The CAQ's current nationalist crusade is the culmination of a chauvinist, anti-immigrant campaign that the entire Quebec political establishment has been waging for the past 15 years. This campaign has included:

* the manufactured scandal around the “unreasonable” accommodations supposedly granted to religious minorities;

* the Parti Québécois' “Charter of Values,” which sought to prevent more than a half million Quebec government employees from wearing “conspicuous” religious symbols, except for Christian crucifixes;

* the Couillard Liberal government’s Bill 62, which, under the pretext of “secularism,” prescribed that public services be provided and received “with faces uncovered” in an explicit attack on the tiny minority of Muslim women in Quebec who wear the full veil (burqa or niqab);

* the CAQ's Bill 21, which, taking its inspiration from both the PQ’s Charter and the Liberals' “secularism” law, prohibits the wearing of religious symbols by teachers and other government employees deemed in “positions of authority” and bars fully-veiled Muslim women from accessing health care and other public services.

This reactionary campaign was supported from the start by the pseudo-left Québec Solidaire under the pretext that it was a “legitimate debate.” More recently, QS has timidly criticized Legault's comments on immigration and called his reference to the “Louisianization” of Quebec a “gross exaggeration.” But this is a cover-up, considering that just days earlier, the same QS voted in favour of the CAQ's chauvinist Bill 96.

Among Bill 96’s many anti-democratic provisions are a stipulation that six months after their arrival in Quebec, immigrants and refugees will be allowed to communicate with the provincial government solely in French; and a ban on public sector workers (except those working in certain designated bilingual institutions) from communicating with newcomers in English or any language other than French.
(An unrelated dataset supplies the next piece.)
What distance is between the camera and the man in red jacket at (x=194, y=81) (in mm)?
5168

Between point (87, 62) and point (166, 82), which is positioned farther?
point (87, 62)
In addition to QS, the Legault government has received crucial support from the trade unions. For decades, the union bureaucracy has worked to divide the Quebec working class from its class brothers and sisters in the rest of Canada and to subordinate workers to the Quebec capitalist elite on the pretext that they speak the same language and are of the same nation. The pro-capitalist unions welcomed Bill 96, and to the extent that they have criticized it, it is from the point of view of their traditional PQ allies who feel that the law does not go far enough in its discriminatory measures against non-French speakers.

The Quebec Liberal Party and some business leaders have offered limited criticism of the CAQ's chauvinism, but from a purely pragmatic perspective. For example, Charles Millard, CEO of the Quebec Federation of Chambers of Commerce, expressed concern that such policies would tarnish Quebec's “branding” abroad. That is, the ability of businesses to attract foreign investment and cheap immigrant labour.

As for Justin Trudeau's federal Liberal government, its posture of opposition to the CAQ's policies is fraudulent across the board, as is the long-standing “pro-immigrant” image it has cultivated with the assistance of the big business media.

Trudeau has maintained Canada's pro-employer immigration regime, which is largely based on the needs of the labour market, and for that reason has been touted by fascists like former US President Donald Trump and the AfD in Germany as a model to follow. Tens of thousands of temporary workers, including more than 50,000 agricultural workers, arrive each year in Canada. These workers, who are brutally exploited and frequently bound to a single employer, have virtually no rights.

In blatant violation of international law, the Trudeau government is also working closely with Washington—first under Trump and now Joe Biden—to increasingly seal the border between the two countries and prevent the arrival of asylum seekers fleeing the United States.

At the same time, Canada is taking advantage of Washington's savage anti-migrant policy on its southern border with Mexico to wash its hands of the plight of the oppressed masses of Latin America, who are seeking to flee the hellish conditions of poverty and insecurity caused by decades of imperialist oppression and violence—at the hands not just of Washington, but also Canadian imperialism.